Waves of Irish Immigration: Around the Great Famine

From 1820 to 1860, 1,956,557 Irish arrived, 75% of these after the Great Irish Famine (or The Great Hunger, Irish: An Gorta Mór) of 1845–1852, struck. The Famine hurt Irish men and women alike, especially those poorest or without land. It altered the family structures of Ireland because fewer people could afford to marry and raise children, causing many to adopt a single lifestyle. Consequently, many Irish citizens were less bound to family obligations and could more easily migrate to the United States in the following decade.

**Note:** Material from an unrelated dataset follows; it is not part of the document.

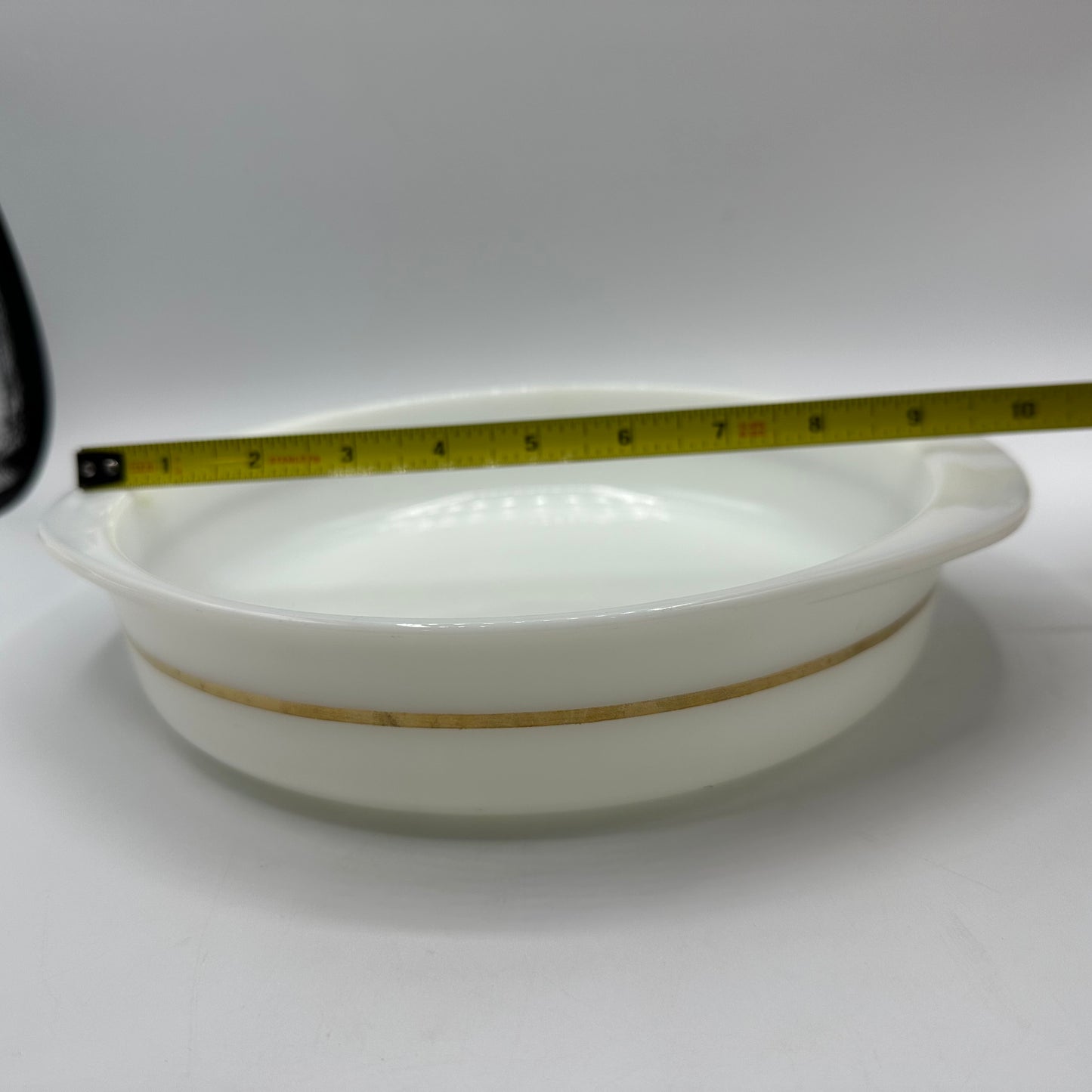 Pyrex White Opal Cake Baking Dish With Gold Stripe, 8"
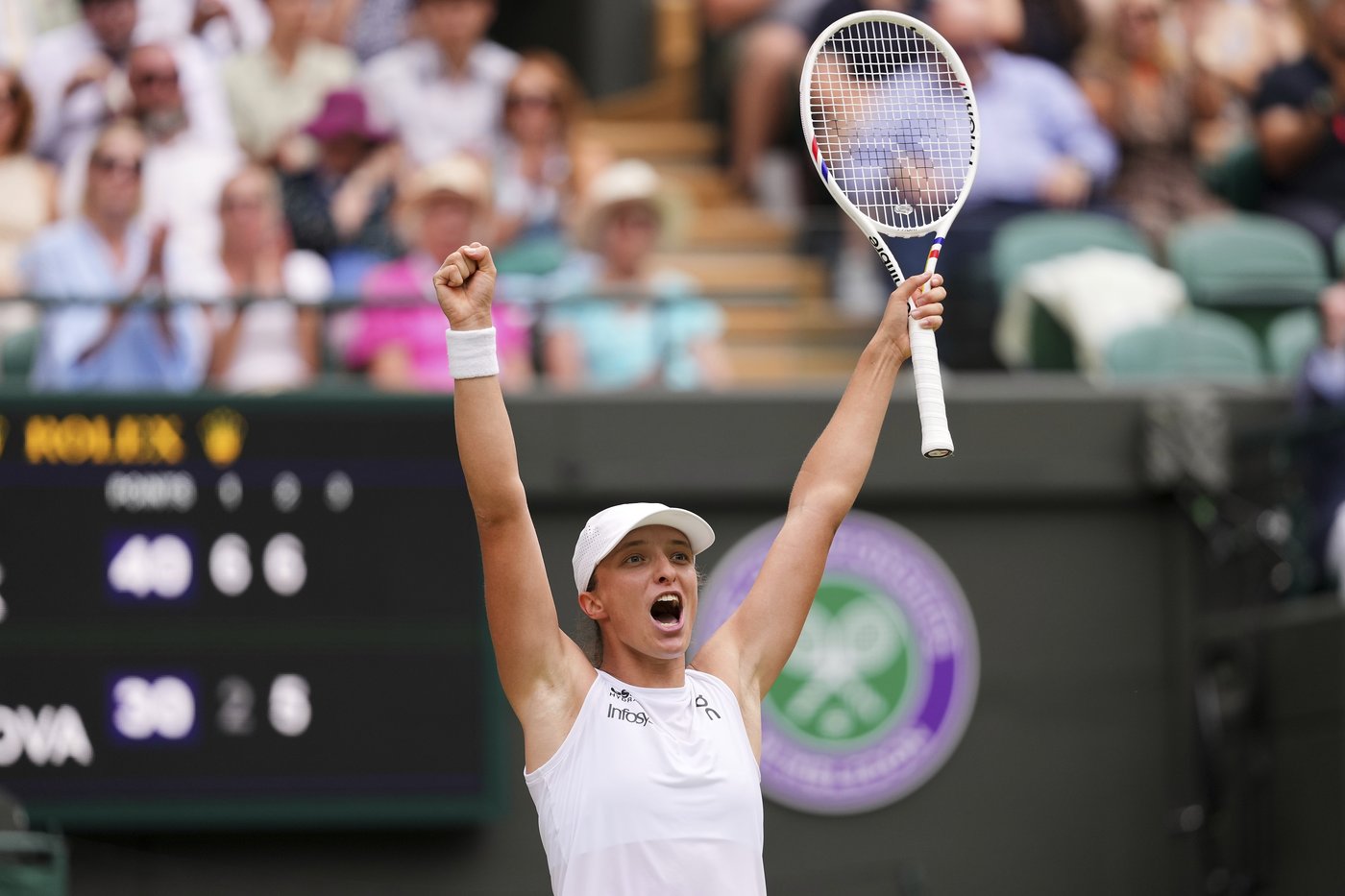 Iga Swiatek's first Wimbledon semifinal comes against Belinda Bencic. Djokovic to face Sinner | iNFOnews.ca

Of the total Irish migrants to the U.S. from 1820 to 1860, many died crossing the ocean due to disease and dismal conditions of what became known as coffin ships.

Gravestone in Boston Catholic cemetery erected in memory of County Roscommon native born shortly before The Great Famine.

Most Irish immigrants to the United States favored large cities because they could create their own communities for support and protection in a new environment. Another reason for this trend was that Irish immigrants could not afford to move inland and had to settle close to the ports at which they arrived. Cities with large numbers of Irish immigrants included Boston, Philadelphia, and New York, as well as Pittsburgh, Baltimore, Detroit, Chicago, St. Louis, San Francisco, and Los Angeles. In 1910, there were more people in New York City of Irish heritage than Dublin's whole population, and even today, many of these cities still retain a substantial Irish American community. Mill towns such as Lawrence, Lowell, and Pawtucket attracted many Irish women in particular. The best urban economic opportunities for unskilled Irish women and men included “factory and millwork, domestic service, and the physical labor of public work projects.”